Grade 2 sprain (moderate): Partial tearing of the ligament. There is abnormal looseness (laxity) in the joint when it is moved in certain ways.
Grade 3 sprain (severe): Complete tear of the ligament. This causes significant instability and makes the joint non-functional.
The other way to measure MCL grade is by the amount of medial joint gapping when a lateral force is applied during physical examination:
Grade 1: Less than 5 mm opening
Grade 2: 5-10 mm opening
Grade 3: Greater than 10 mm opening
Initially, pain, bruising and swelling are common.
WHAT IS THE TREATMENT?
It always starts with the basic RICE treatment: rest, ice, compression (with a brace), and elevation. Pain can be treated with anti-inflammatory medication like ibuprofen and sometimes narcotics like Vicodin.

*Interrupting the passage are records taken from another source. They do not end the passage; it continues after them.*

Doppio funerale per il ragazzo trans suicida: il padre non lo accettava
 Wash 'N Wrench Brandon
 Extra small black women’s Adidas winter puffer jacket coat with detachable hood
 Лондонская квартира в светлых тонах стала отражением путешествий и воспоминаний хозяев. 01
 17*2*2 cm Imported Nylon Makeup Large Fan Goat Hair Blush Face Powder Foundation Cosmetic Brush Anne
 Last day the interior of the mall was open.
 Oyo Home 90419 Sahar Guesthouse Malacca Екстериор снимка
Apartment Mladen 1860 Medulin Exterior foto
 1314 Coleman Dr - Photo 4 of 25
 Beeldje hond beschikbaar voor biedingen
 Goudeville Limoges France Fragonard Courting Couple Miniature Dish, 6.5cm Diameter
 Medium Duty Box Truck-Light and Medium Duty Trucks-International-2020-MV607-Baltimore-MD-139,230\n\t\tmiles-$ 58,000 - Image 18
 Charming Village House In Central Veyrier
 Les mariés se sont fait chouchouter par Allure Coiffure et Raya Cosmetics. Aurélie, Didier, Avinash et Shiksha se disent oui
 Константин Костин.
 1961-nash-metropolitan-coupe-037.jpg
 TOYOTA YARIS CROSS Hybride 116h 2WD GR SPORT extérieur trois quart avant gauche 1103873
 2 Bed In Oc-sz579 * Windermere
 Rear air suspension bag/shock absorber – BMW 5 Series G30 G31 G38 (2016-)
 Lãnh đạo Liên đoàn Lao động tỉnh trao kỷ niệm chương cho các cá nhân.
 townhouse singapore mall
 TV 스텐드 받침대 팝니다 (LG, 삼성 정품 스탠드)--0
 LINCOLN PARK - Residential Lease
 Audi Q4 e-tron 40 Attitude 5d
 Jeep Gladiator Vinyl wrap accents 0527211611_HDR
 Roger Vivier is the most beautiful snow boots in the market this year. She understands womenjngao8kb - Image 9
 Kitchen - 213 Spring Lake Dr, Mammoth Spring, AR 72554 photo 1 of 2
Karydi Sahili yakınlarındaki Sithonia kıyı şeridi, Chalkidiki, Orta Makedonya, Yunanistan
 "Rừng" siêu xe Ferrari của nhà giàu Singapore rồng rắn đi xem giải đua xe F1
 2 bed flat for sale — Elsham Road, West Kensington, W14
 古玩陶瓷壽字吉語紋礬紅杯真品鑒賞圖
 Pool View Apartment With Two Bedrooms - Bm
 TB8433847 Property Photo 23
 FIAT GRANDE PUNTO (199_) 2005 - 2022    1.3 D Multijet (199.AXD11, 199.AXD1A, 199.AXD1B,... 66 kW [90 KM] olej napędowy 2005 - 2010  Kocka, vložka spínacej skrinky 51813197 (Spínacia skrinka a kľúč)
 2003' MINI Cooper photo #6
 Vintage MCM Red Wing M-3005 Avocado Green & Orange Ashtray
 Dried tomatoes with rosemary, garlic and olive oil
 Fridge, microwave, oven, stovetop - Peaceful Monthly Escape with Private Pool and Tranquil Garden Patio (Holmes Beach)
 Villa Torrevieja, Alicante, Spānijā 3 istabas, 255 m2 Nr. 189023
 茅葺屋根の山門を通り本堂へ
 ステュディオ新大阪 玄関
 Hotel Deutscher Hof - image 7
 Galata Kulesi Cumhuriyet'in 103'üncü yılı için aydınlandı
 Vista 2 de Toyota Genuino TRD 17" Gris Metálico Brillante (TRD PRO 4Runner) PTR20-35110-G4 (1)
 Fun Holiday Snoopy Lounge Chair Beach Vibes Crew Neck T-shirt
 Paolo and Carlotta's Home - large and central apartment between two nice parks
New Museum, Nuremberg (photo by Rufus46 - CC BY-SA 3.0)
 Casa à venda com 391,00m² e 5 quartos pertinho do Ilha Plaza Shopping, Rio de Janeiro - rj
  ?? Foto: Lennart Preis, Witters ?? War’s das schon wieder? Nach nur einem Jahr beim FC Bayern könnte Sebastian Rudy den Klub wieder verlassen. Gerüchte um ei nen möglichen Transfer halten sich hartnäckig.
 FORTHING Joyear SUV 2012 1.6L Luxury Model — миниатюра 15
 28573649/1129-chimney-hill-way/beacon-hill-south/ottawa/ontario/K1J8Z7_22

Assuming that this is not a Grade 3 sprain, Spillane won’t need crutches and can be weight bearing. Based on how stable his knee looked when he walked to the sideline, I would guess it isn’t that severe.
WHAT IS THE RECOVERY TIME FOR NFL LINEBACKERS WITH MCL TEARS?
Virtually all MCL tears heal without surgery unless there is an associated meniscal tear or another ligament is also injured. Return to play depends primarily on the severity of the tear but the position played is a factor as well. QBs and linemen can sometimes return faster than RBs, WRs, DBs and LBs, who do more cutting.
Looking at a few linebackers who have sustained MCL injuries recently shows some variability in the number of games missed:
- Eagles LB Kamu Grugier-Hill suffered a Grade 3 MCL tear in training camp in 2019 and missed 8 weeks.
- Buccaneers LB Devin White had a Grade 1 MCL tear during Week 2 last year and didn’t miss a game.
- Cowboys veteran backup LB Sean Lee (who has had 3 ACL tears and surgery each time), had a Grade 2 MCL during training camp last year and missed 4 weeks but was ready for the season opener.
- Broncos Pro Bowl LB Von Miller also had a Grade 2 MCL tear last year, missing 1 game and breaking his 95 game streak going back to 2013.
- Seahawks 1st round draft pick rookie LB Jordyn Brooks sustained a Grade 1 MCL in September and missed 3 games before returning.
- And as Steelers fan may recall, star LB Ryan Shazier suffered MCL injuries in his rookie season (2014) and again in 2016. Both were considered Grade 2 tears. In 2014, he missed 4 weeks. In 2016, he returned after 3 weeks, which turned out to be too soon. He missed another game the following week and then returned after the bye week.
So there’s obviously a wide range in return to play after an MCL injury. The most interesting part of what Jeremy Fowler reported is that Spillane should be able to return this season. With only four regular season games left to play, that would imply that Spillane will avoid IR and could return as soon as 2 or 3 weeks from now. That would suggest that if Spillane does have an MCL tear, it is likely a Grade 1 or 2 injury. Which means that he would be running and cutting at full speed in time for the playoffs. This would be key for the Steelers, who are chasing a 7th Lombardi trophy.